This post originally appeared on The Latest. (Yes, it’s a new one for a change.)
Politicians and dictators who like to rewrite reality find themselves in trouble when the actual reality is stark enough.
Declan Walsh writes in The New York Times about how you “can’t arrest a virus.”
According to him, the autocrats of the world, such as Russia’s Putin or Egypt’s el-Sisi, are resorting to their usual tactics in face of the current coronavirus crisis.
However, as these strategies are largely based on shows of force and variations of “Don’t contradict me or else,” they may be ill-suited for handling a crisis where you have to face up to reality.
The thing about forbidding people from contradicting you is that it’s essentially saying that reality is not allowed to contradict you. The ever-relevant handbook for this idea is George Orwell’s novel 1984.
Towards the end of the novel, a high-ranking member of the Party explains its ideology of Doublethink at a deeper level. This ideology is what dictators and cult leaders everywhere apply to control their followers and their thoughts, but, being satirical, Orwell’s Party is especially clear-sighted and explicit about how it really works.
The Inner Party member in this scene defends a kind of metaphysical idealism: the only thing that’s real is what people believe is true. This is the logic by which every autocrat really operates when they try to control things by controlling what people know and think: “Don’t contradict me or else.”
In 1984, the character claims that this makes the Party omnipotent. They can make anything happen, because they can make people think anything is true. There’s no matter of fact about how things really, objectively are, not when the Party controls both people’s minds and historical records.
So if some dictator now parades around his country and says that COVID-19 is under control, and forbids anyone from saying otherwise, is that going to make it so that it is?
Not really, no. But that’s kind of what they do, anyway. Taking reality humbly as it is is not their strength.
This is why Walsh states in his article that the autocrats of the world may find their power challenged by the crisis. Of course, the opposite may also happen, with the crisis giving the excuse to limit people’s rights.

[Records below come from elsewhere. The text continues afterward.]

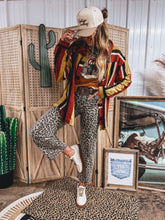 Load image into Gallery viewer, Lark Button Up
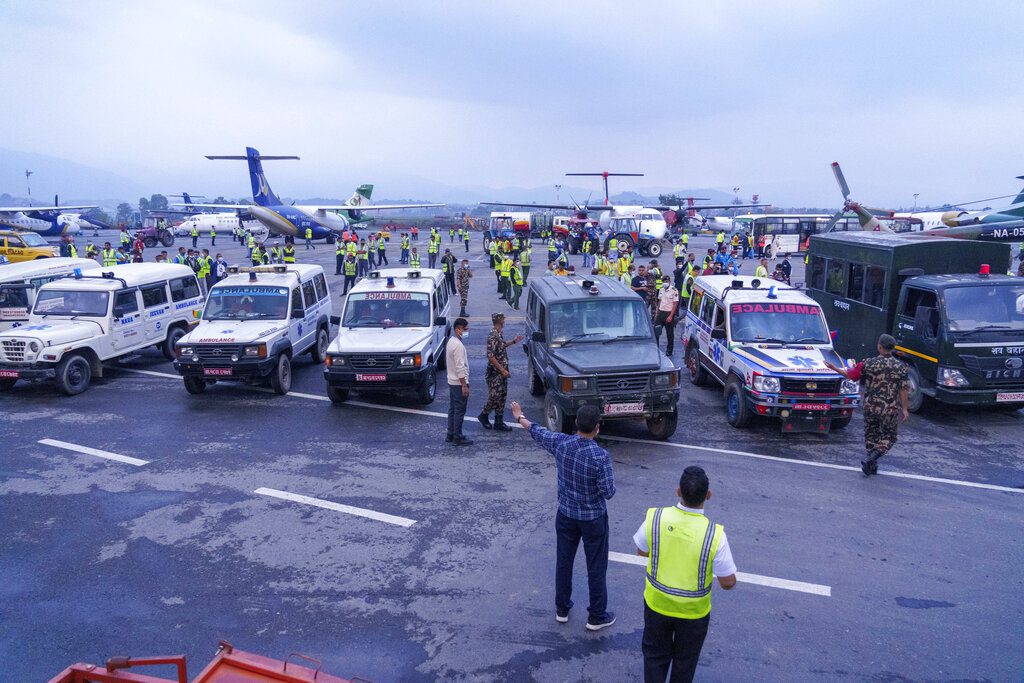 Νεπάλ: Ανασύρθηκαν οι σοροί και των 22 θυμάτων της αεροπορικής τραγωδίας
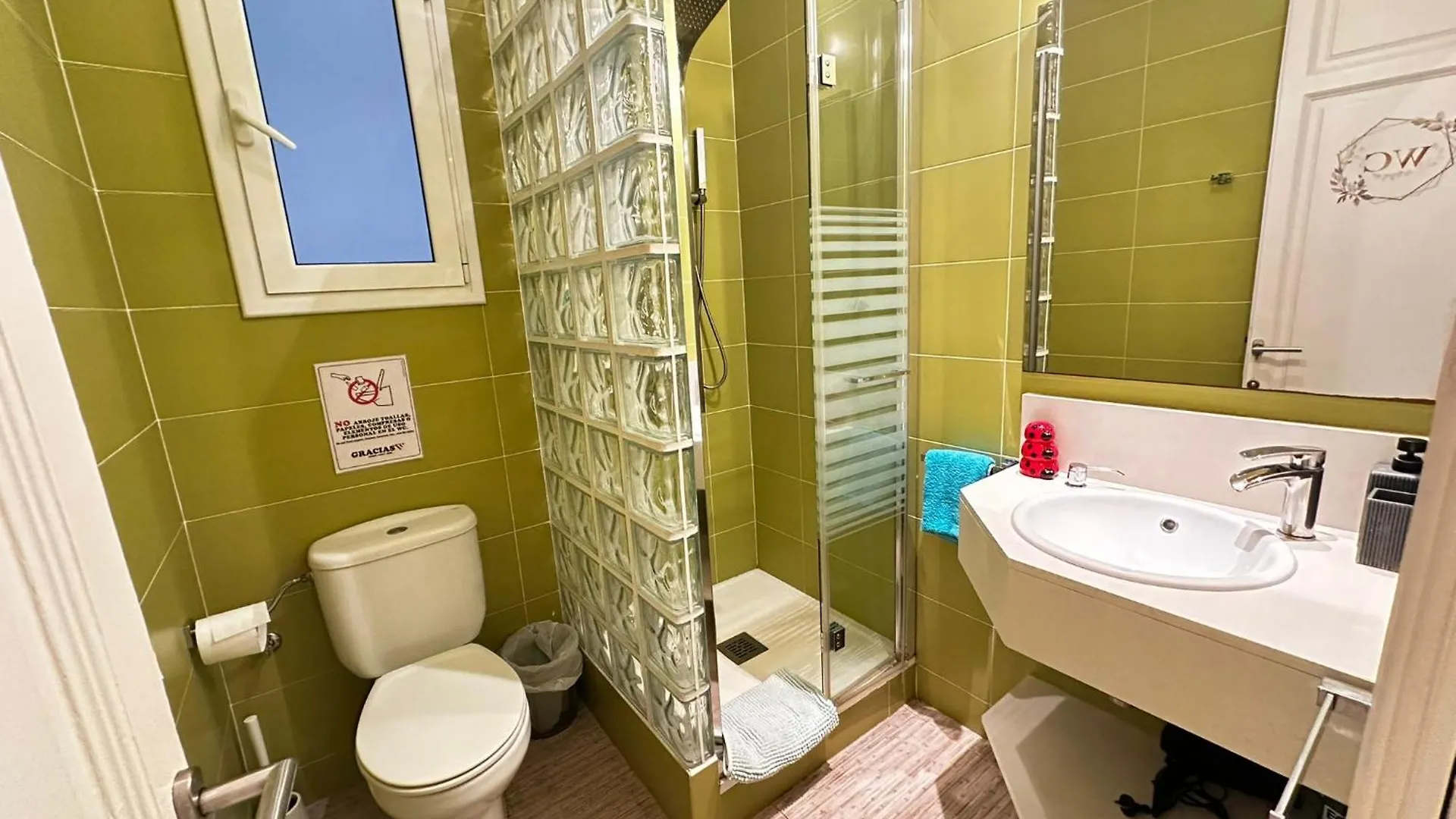 Panzió Isabela Rooms Barcelona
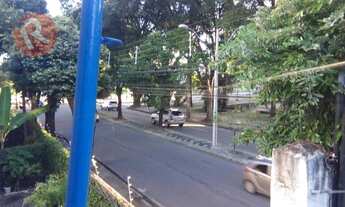 Imagem 3: Casa comercial no Derby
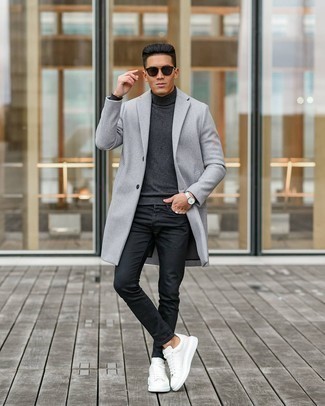 Как носить длинное пальто с джинсами в 20 лет в теплую погоду: Любишь выглядеть престижно? Тогда лук из длинного пальто и джинсов - это то, что тебе нужно. Этот лук выигрышно дополнят белые кожаные низкие кеды.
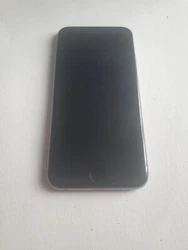 Iphone 6, 16go, couleur noir.  Smartphone réinitialisé et compte icloud supprimé. Bon état général. Batterie...
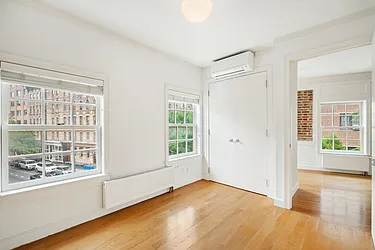 Rented by Living New York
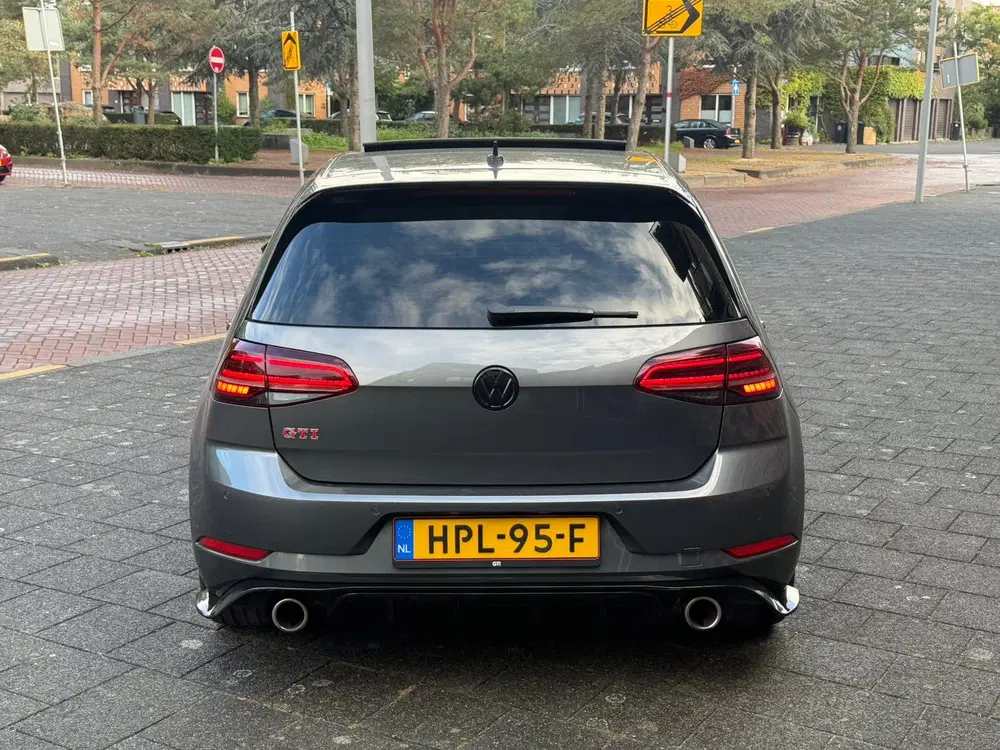 Volkswagen Golf 2.0 TSI Performance Virtual uit 2019, foto 6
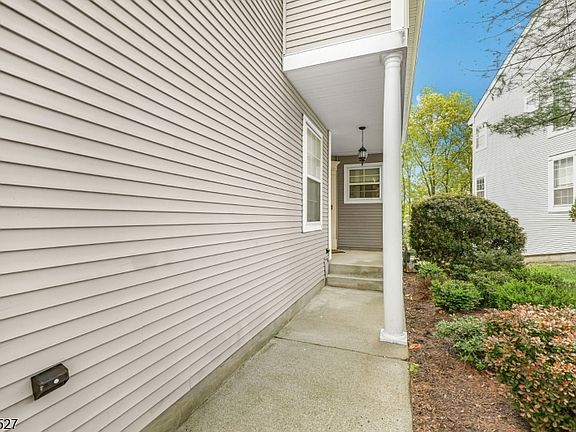 3rd image of 110 Warbler Dr
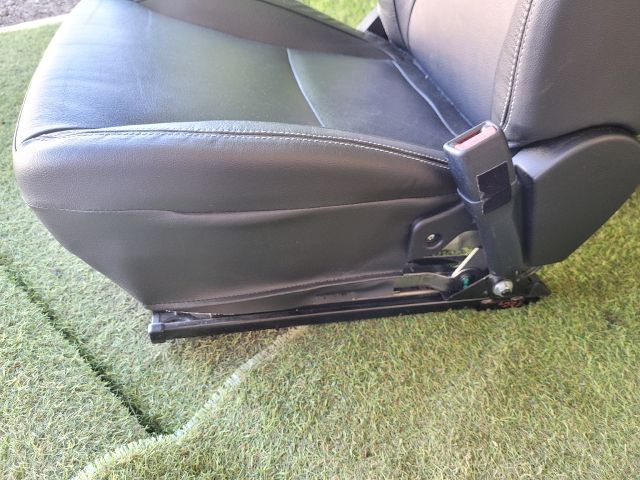 bontott SUZUKI SX4 S-Cross II Jobb első Ülés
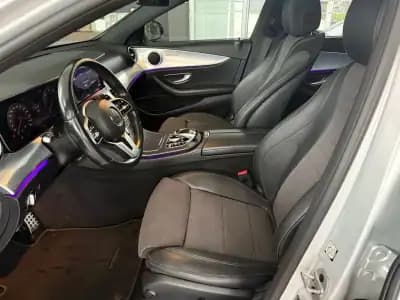 Vendo Mercedes-Benz E 220 2020 - 37900 EUR, 84701 km - AUTO.MOTO.pt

A less serious version of the ignoring of external reality, yet a good story to make the point, is the case of Britain’s prime minister Boris Johnson. He downplayed the threat of the virus first and boasted that he’s going to go on shaking hands with people, and now he’s in intensive care because of that same virus.
He may not actually have caught it from shaking hands with someone, of course, but the story pretty much makes the point either way.
Of course, a lot of the harm from this attitude falls on the weak, not the leaders themselves. President Trump has been exclusively breathing the fumes from his blazing trousers in place of oxygen for a long time, so this latest round of ignoring the evidence may not harm him – just everyone else in the US.